Nunca hay dos sin tres, así que justo y de nuevo a nuestro lado, volvieron a acercarse las tres a compartir nuestro espacio junto a la fuente. Las dos mayores para fumar un cigarro y la reina de los carruseles para abrir un sándwich envuelto en plata.
El hijo pequeño de mi amigo, ya no apartó la mirada de ella hasta que acabó el último bocado.
La vida me estaba dando un regalo. Mi amigo estaba enviando las fotos a los abuelos, pero se estaba perdiendo la escena de atracción más pura que se puede uno imaginar.
Ellas seguían a lo suyo, a lo mismo que habían hablado en la cola, en los coches de choque y ahora en la fuente. No me quitaron ni por un momento la ilusión que me daba ser testigo de la más bella historia de amor que uno pueda soñar ver en una pantalla de cine.
El hijo pequeño de mi amigo se acercó a la muñeca de trenzas perfectas y sin poder adivinar que la dijo, al momento los tres pequeños estaban corriendo alrededor de la fuente.
Esos diez minutos restantes ya me los guardo para mí, no soy capaz de escribir bien lo que sentí y no me gustaría estropearlo.
La mujer de mi amigo, que ya había hecho las compras y dejado todo en el maletero del coche, llegó a nuestro encuentro y yo decliné la invitación para ir con ellos a tomar un chocolate.
Durante el camino hasta llegar a mi casa, volvía triste.
No podía dejar de pensar en la madre y en la abuela. Qué pena que no hubieran sido testigos, como yo, de esa maravillosa secuencia que se había desarrollado en tres actos.

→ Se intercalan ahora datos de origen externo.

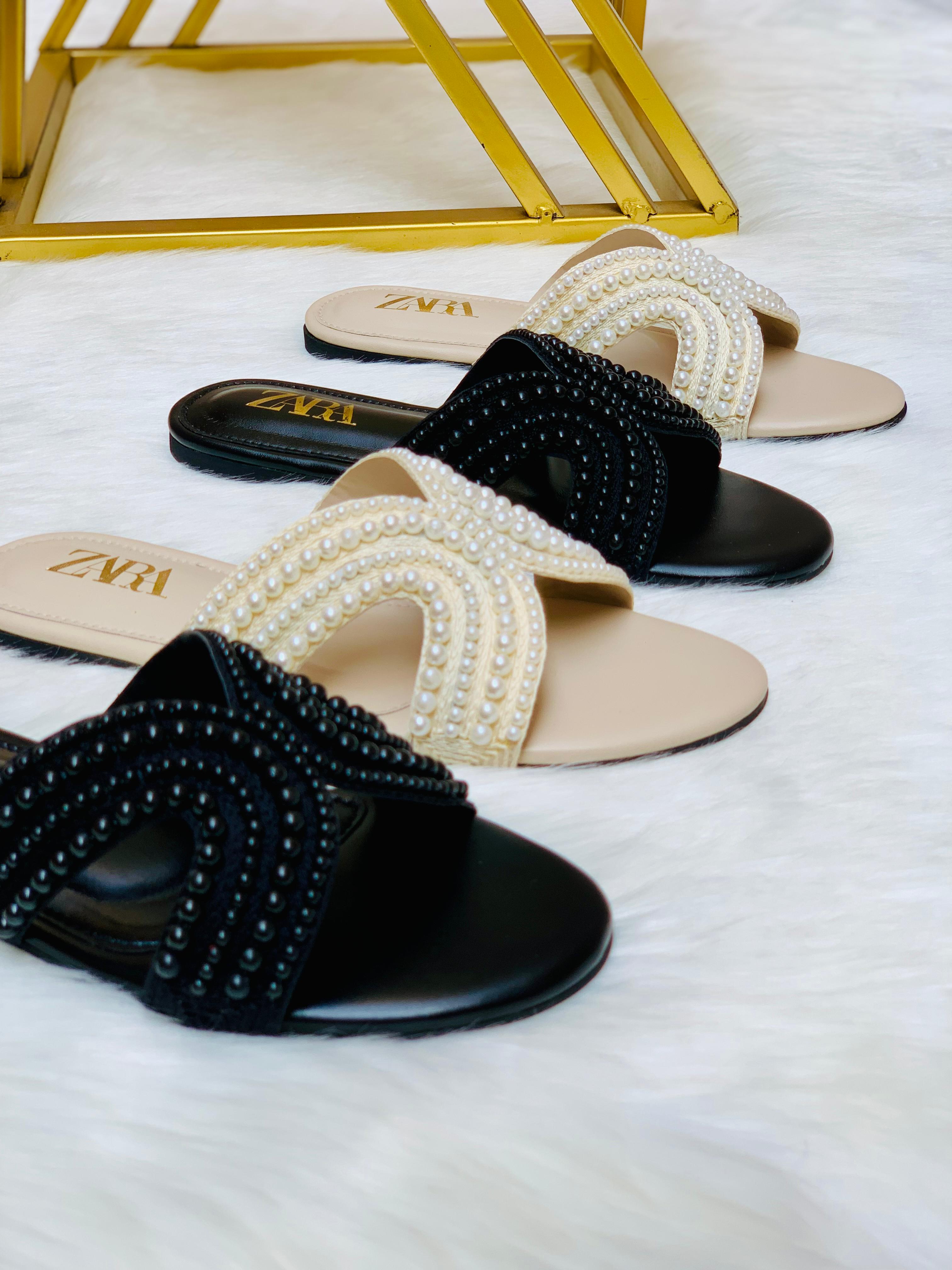 Pearl Cross Strap Flat Slides ( ALLOW TO OPEN AND FREE SHIPPING )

Delante de mí y ante centenares de niños y mayores yo había sido el elegido para ver en primicia y riguroso directo al primer encuentro del hijo pequeño de mi amigo con la atracción, el deseo y la belleza que nos regala la vida.
Ellas no sacaron boleto para asistir a ese estreno. Ellas pasaron por los carruseles para perder la tarde, para perder el tiempo, para perder la vida.
Ellas pasaron su tiempo de la manera que las hizo feliz. Hablaron de Pedro Sánchez, de su mujer, del otro golfo del hermano que no era ni músico, del otro ministro que se iba con su amante de viaje, de la ministra podemita que lleva bolsos de miles de euros…
Ellas se habían subido al tiovivo que gira y gira sin destino alguno, donde todo acaba en el mismo sitio, mientras su hija y nieta se había montado en el lugar más mágico donde nacen todos los sueños, en EL TREN DE LA BRUJA.